■ **About this exercise**: Return verbatim every line from the first line of the data below to the line that contains "Eggshell Rabbit Candle", inclusive, and no further.

Brief descriptive captions:
========

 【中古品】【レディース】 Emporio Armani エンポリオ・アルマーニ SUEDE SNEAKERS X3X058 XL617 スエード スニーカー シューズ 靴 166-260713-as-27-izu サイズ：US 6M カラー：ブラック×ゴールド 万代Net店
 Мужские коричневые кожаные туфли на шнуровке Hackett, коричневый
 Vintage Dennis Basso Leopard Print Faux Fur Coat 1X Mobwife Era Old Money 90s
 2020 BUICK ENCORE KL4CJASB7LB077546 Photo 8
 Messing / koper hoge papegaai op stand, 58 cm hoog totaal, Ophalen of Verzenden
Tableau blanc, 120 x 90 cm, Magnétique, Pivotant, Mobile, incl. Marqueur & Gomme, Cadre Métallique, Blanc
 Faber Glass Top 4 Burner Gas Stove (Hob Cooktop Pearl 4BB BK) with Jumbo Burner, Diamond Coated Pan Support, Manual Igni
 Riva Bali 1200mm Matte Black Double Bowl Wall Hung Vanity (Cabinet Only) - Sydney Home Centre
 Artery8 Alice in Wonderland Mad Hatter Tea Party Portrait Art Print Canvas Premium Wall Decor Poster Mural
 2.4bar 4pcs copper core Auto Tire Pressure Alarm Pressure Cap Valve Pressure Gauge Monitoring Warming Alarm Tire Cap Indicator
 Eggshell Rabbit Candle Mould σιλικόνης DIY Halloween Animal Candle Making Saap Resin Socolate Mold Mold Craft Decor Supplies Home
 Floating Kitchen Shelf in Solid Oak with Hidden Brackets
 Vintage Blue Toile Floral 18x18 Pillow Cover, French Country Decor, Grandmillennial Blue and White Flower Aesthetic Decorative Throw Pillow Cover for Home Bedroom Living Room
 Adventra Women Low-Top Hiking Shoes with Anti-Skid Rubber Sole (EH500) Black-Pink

========

■ **Exercise result**:
 【中古品】【レディース】 Emporio Armani エンポリオ・アルマーニ SUEDE SNEAKERS X3X058 XL617 スエード スニーカー シューズ 靴 166-260713-as-27-izu サイズ：US 6M カラー：ブラック×ゴールド 万代Net店
 Мужские коричневые кожаные туфли на шнуровке Hackett, коричневый
 Vintage Dennis Basso Leopard Print Faux Fur Coat 1X Mobwife Era Old Money 90s
 2020 BUICK ENCORE KL4CJASB7LB077546 Photo 8
 Messing / koper hoge papegaai op stand, 58 cm hoog totaal, Ophalen of Verzenden
Tableau blanc, 120 x 90 cm, Magnétique, Pivotant, Mobile, incl. Marqueur & Gomme, Cadre Métallique, Blanc
 Faber Glass Top 4 Burner Gas Stove (Hob Cooktop Pearl 4BB BK) with Jumbo Burner, Diamond Coated Pan Support, Manual Igni
 Riva Bali 1200mm Matte Black Double Bowl Wall Hung Vanity (Cabinet Only) - Sydney Home Centre
 Artery8 Alice in Wonderland Mad Hatter Tea Party Portrait Art Print Canvas Premium Wall Decor Poster Mural
 2.4bar 4pcs copper core Auto Tire Pressure Alarm Pressure Cap Valve Pressure Gauge Monitoring Warming Alarm Tire Cap Indicator
 Eggshell Rabbit Candle Mould σιλικόνης DIY Halloween Animal Candle Making Saap Resin Socolate Mold Mold Craft Decor Supplies Home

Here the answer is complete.